**Records shown**
--- START ---
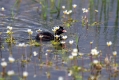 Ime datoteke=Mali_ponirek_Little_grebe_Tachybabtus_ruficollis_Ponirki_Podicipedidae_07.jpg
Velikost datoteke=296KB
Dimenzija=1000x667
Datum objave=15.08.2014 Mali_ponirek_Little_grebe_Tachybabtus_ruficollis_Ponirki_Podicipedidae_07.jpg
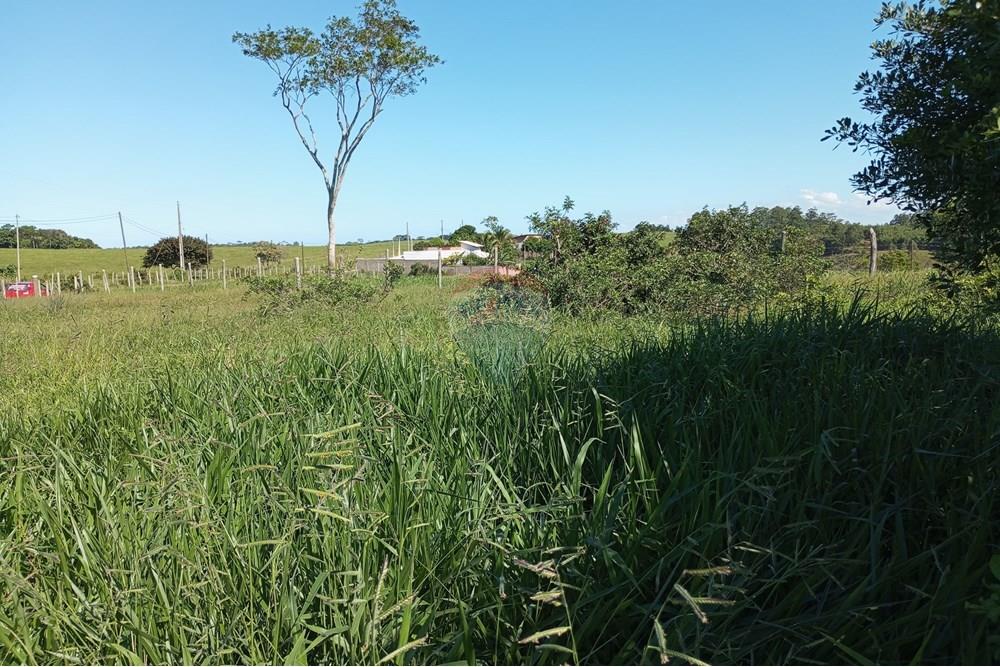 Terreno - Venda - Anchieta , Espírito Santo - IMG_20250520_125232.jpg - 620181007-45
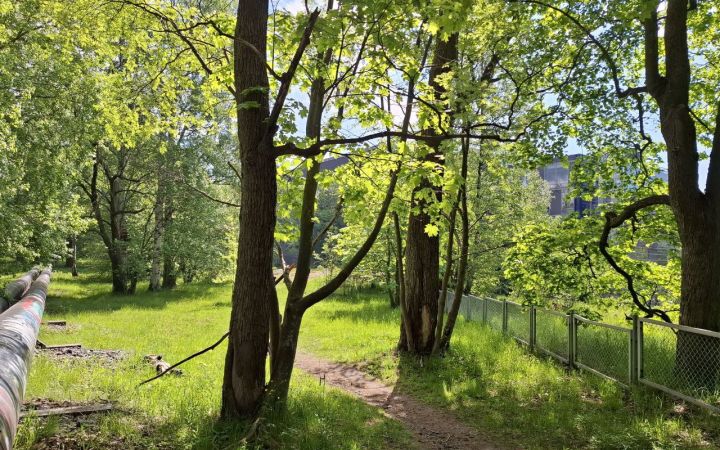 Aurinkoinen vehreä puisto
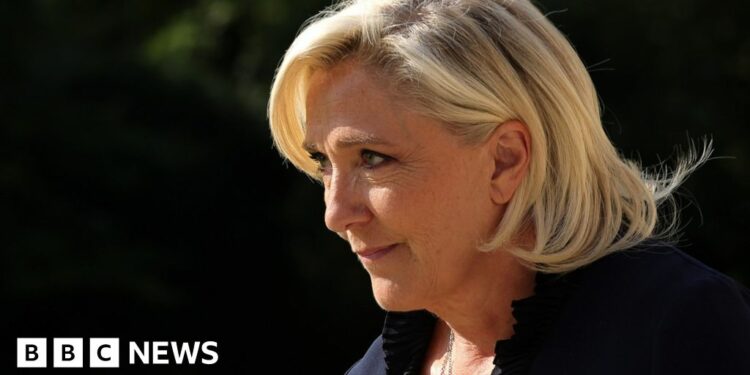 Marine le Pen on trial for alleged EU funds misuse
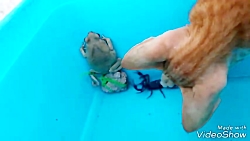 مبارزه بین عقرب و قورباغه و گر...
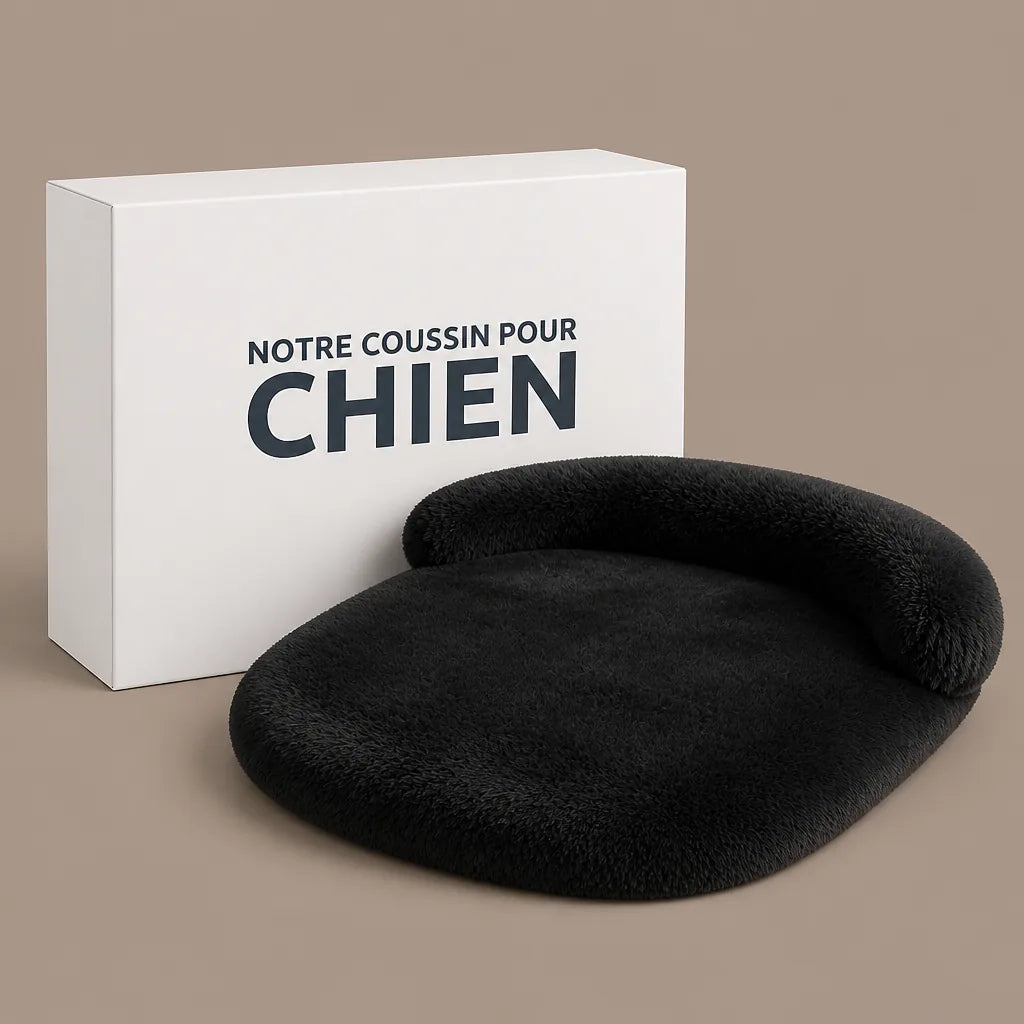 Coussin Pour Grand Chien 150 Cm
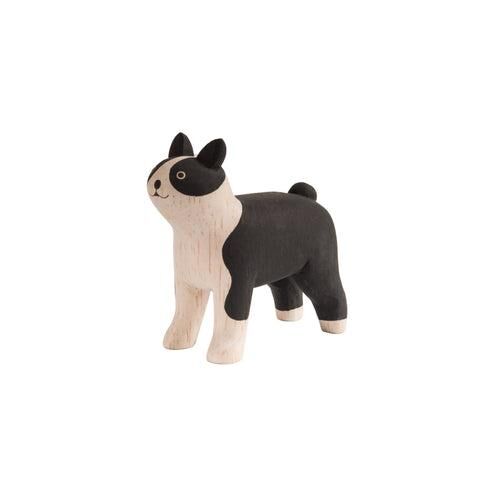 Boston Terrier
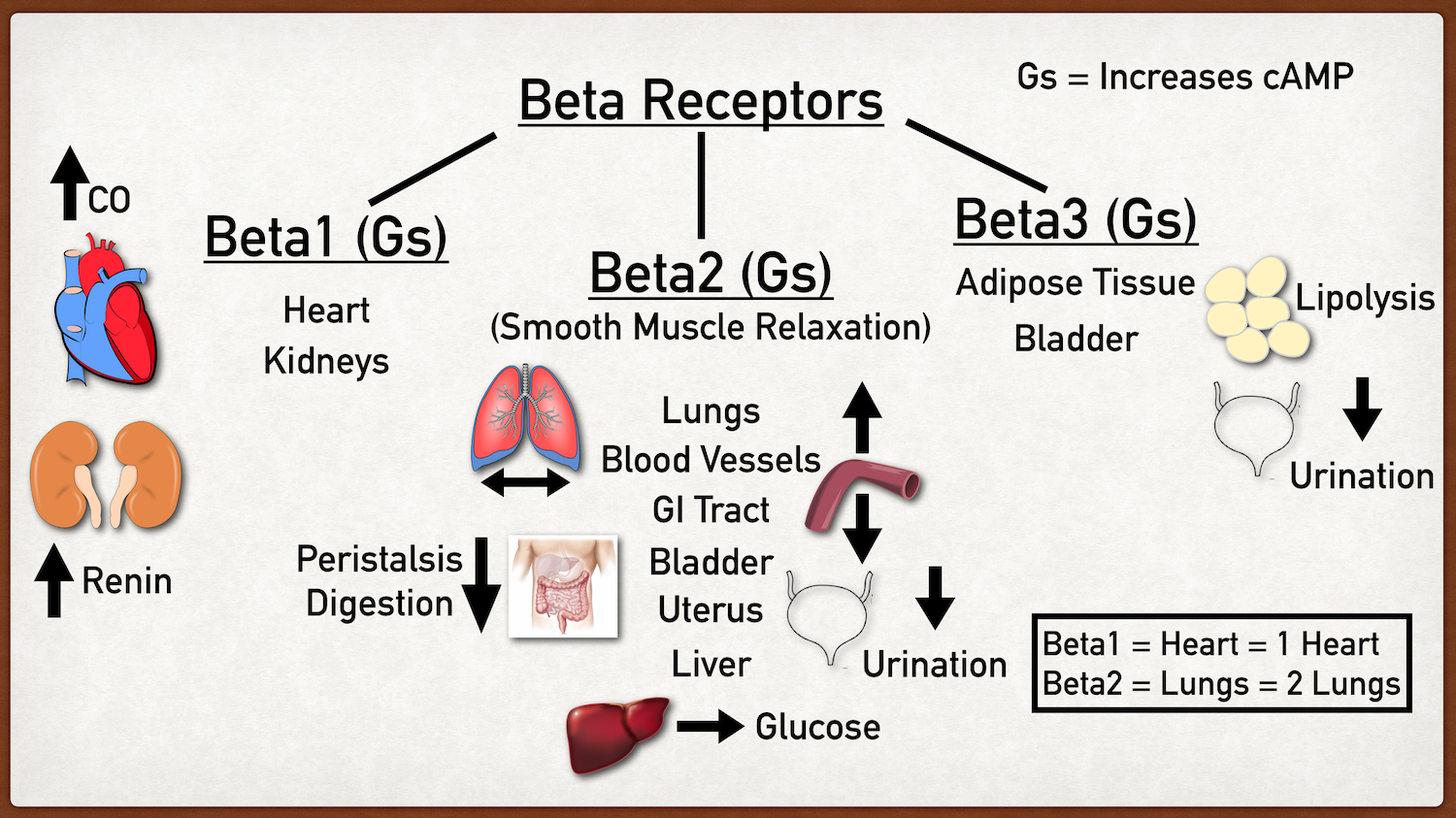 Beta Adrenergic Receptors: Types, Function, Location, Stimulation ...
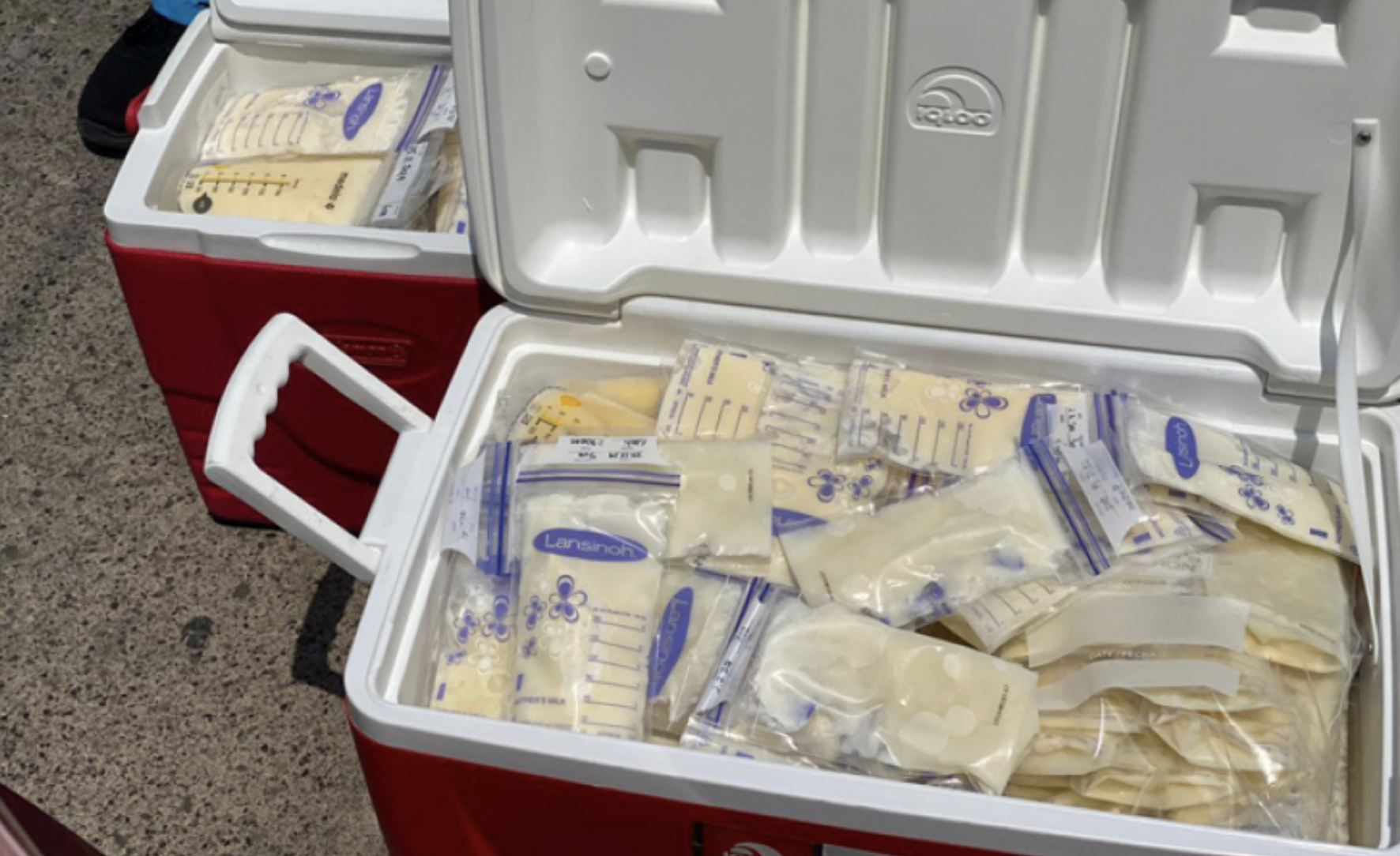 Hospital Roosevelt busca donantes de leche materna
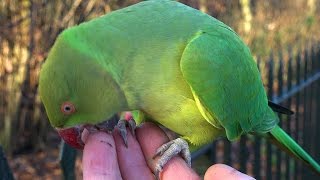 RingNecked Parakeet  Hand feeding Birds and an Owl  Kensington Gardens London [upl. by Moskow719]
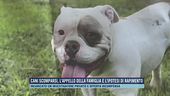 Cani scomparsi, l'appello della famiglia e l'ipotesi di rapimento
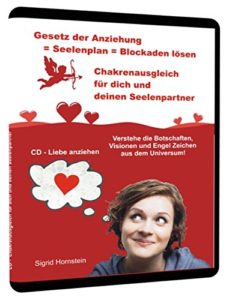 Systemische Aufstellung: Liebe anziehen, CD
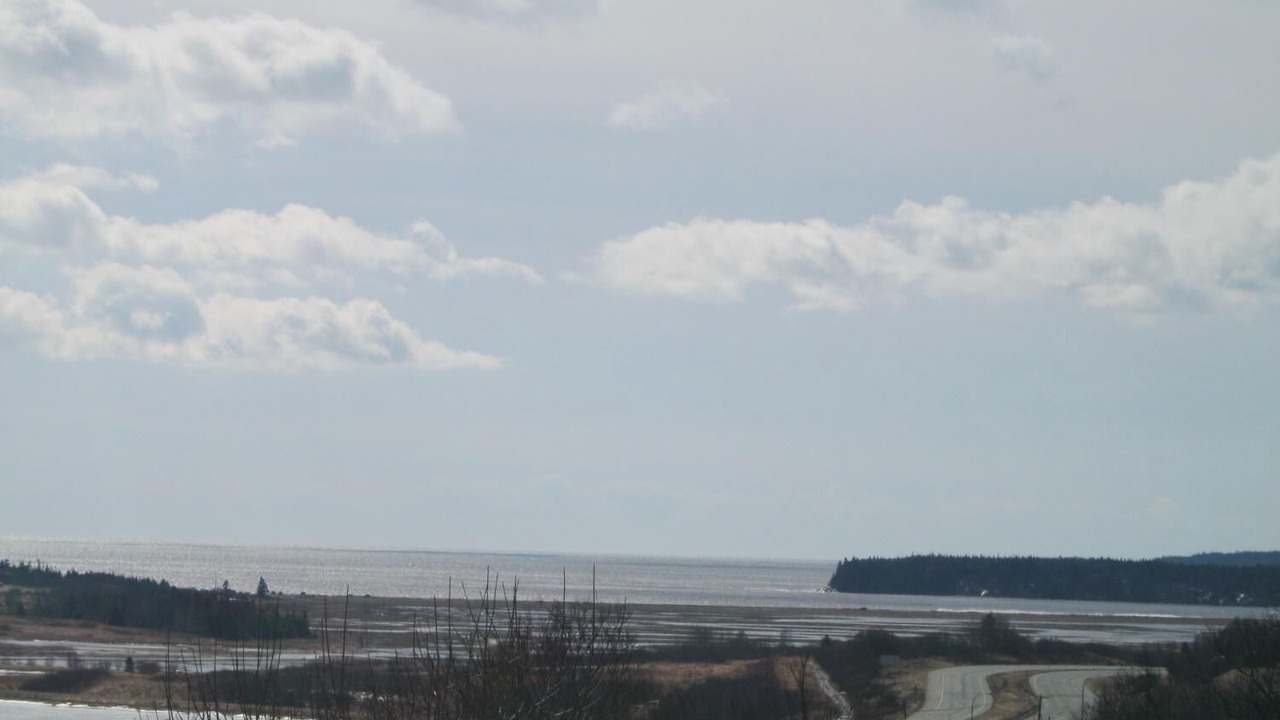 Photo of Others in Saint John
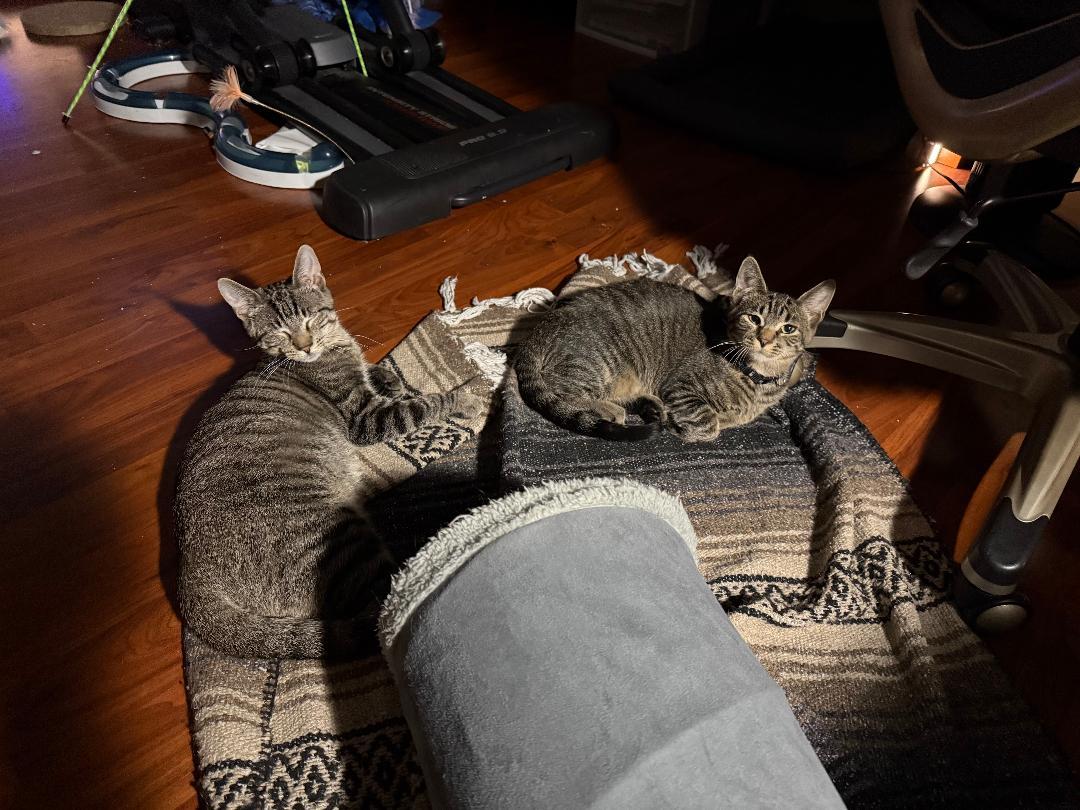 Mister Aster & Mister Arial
--- END ---
**Instructions for the task**
When you reach the line with "Coussin Pour Grand Chien 150 Cm" in the entries above, start copying, and go on word for word to the last line; skip any picture.

**Reply to the exercise**
 Coussin Pour Grand Chien 150 Cm
 Boston Terrier
 Beta Adrenergic Receptors: Types, Function, Location, Stimulation ...
 Hospital Roosevelt busca donantes de leche materna
 RingNecked Parakeet  Hand feeding Birds and an Owl  Kensington Gardens London [upl. by Moskow719]
 Cani scomparsi, l'appello della famiglia e l'ipotesi di rapimento
 Systemische Aufstellung: Liebe anziehen, CD
 Photo of Others in Saint John
 Mister Aster & Mister Arial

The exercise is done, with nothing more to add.